● **TASK PROMPT**
Search the data for the string "thumbnail", and report each line where it is found.

● **SOURCE DATA**
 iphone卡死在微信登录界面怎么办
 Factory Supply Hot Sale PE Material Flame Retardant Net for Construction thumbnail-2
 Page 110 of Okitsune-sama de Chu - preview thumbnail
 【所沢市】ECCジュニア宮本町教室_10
---
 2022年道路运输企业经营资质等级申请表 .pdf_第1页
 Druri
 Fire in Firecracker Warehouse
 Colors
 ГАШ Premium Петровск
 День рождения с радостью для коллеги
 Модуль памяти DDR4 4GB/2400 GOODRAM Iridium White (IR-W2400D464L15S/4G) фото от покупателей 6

● **TASK RESULT**
 Factory Supply Hot Sale PE Material Flame Retardant Net for Construction thumbnail-2
 Page 110 of Okitsune-sama de Chu - preview thumbnail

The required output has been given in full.